*** EXERCISE MATERIALS Section Begins ***

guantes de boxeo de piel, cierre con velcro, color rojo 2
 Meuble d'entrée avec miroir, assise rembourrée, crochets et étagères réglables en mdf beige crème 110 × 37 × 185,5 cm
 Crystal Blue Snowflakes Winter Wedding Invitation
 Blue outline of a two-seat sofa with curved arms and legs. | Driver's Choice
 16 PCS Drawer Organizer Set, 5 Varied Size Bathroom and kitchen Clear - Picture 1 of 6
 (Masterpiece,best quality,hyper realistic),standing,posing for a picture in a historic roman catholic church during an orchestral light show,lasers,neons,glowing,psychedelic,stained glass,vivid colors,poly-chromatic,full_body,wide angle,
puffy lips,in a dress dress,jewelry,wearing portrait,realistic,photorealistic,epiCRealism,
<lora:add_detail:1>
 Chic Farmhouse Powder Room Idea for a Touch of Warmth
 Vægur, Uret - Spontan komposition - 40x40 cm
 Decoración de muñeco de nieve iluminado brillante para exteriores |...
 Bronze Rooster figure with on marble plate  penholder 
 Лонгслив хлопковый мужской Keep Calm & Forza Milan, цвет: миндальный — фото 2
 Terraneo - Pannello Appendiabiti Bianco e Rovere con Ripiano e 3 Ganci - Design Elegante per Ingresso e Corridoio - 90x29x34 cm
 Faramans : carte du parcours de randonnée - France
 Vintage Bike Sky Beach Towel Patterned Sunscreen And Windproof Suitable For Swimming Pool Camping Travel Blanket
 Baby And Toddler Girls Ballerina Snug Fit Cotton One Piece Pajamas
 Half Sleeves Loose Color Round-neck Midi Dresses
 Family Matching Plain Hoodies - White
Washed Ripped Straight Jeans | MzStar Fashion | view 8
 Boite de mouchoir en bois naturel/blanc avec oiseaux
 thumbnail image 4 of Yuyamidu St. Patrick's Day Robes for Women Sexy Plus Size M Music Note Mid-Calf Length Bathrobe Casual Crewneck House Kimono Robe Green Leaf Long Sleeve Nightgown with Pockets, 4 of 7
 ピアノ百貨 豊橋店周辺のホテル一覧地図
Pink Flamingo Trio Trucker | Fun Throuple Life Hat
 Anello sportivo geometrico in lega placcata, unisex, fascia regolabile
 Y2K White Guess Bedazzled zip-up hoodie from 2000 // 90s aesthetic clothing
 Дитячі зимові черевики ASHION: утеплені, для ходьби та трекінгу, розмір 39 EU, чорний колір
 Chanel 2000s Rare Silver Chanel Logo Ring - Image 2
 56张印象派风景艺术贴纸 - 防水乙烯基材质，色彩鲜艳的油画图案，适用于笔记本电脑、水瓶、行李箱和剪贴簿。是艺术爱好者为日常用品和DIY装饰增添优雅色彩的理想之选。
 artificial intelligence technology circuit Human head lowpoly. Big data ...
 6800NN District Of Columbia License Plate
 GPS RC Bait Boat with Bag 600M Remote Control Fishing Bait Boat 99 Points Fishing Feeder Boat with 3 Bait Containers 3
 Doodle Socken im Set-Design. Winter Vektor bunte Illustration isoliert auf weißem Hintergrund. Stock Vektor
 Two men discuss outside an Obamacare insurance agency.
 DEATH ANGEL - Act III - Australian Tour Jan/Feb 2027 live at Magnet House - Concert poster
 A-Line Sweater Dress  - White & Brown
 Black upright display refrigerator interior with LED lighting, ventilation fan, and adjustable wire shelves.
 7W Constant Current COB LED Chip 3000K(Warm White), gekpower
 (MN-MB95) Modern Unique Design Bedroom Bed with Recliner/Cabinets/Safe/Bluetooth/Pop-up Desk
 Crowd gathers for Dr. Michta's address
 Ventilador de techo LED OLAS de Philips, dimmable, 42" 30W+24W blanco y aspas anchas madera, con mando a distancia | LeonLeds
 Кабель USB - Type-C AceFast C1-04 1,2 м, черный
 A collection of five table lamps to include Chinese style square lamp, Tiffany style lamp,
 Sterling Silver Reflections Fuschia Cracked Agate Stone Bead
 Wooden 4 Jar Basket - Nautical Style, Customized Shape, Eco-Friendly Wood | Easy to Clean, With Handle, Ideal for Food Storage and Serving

*** EXERCISE MATERIALS Section Ends ***

ASSIGNMENT: Only lines that contain the string "avec" count; pick each one out of the records and copy it.

SOLUTION:
 Meuble d'entrée avec miroir, assise rembourrée, crochets et étagères réglables en mdf beige crème 110 × 37 × 185,5 cm
 Boite de mouchoir en bois naturel/blanc avec oiseaux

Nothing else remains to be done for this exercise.